---------- Data shown
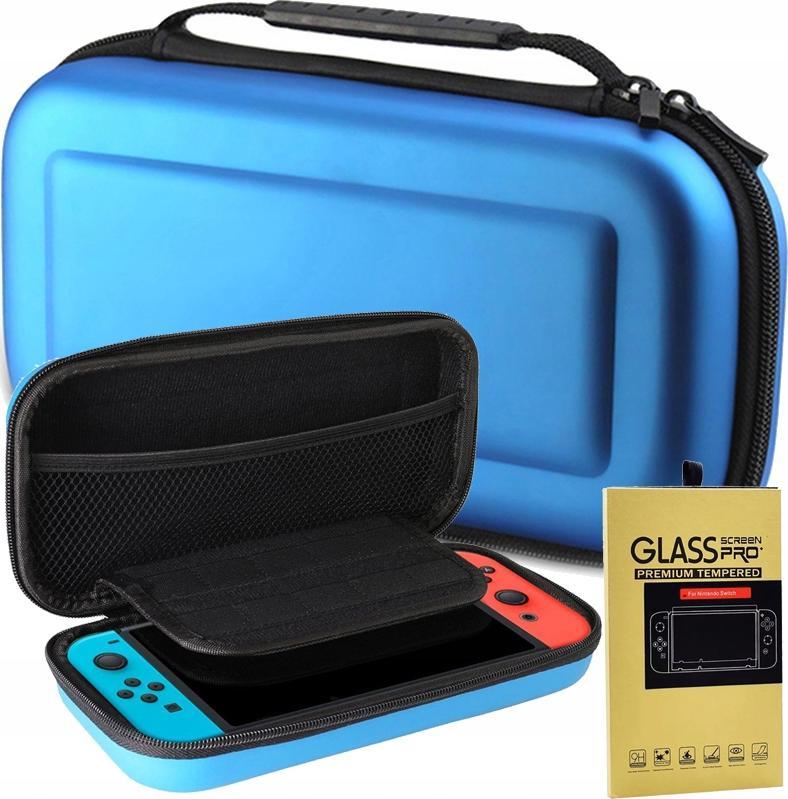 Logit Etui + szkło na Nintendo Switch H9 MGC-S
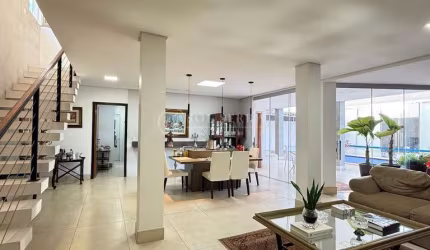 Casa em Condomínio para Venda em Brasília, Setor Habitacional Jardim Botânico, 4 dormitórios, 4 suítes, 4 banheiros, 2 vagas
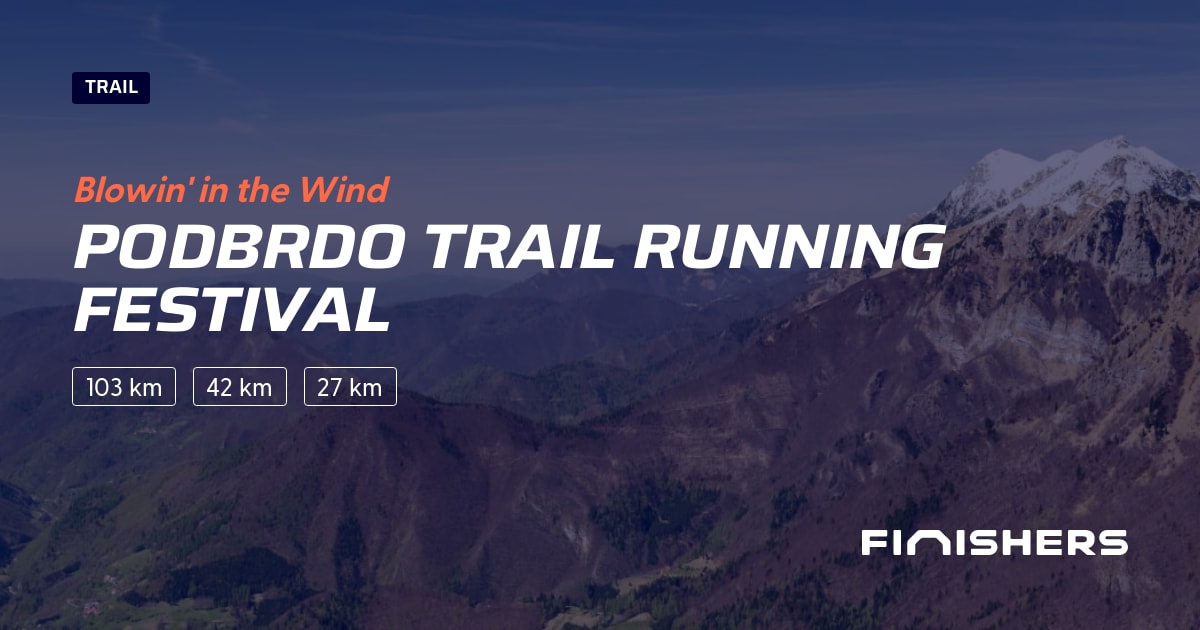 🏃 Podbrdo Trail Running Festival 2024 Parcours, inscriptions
--------------------
Skipping the images, write out the whole listing exactly.

» Answer area
 Logit Etui + szkło na Nintendo Switch H9 MGC-S
 Casa em Condomínio para Venda em Brasília, Setor Habitacional Jardim Botânico, 4 dormitórios, 4 suítes, 4 banheiros, 2 vagas
 🏃 Podbrdo Trail Running Festival 2024 Parcours, inscriptions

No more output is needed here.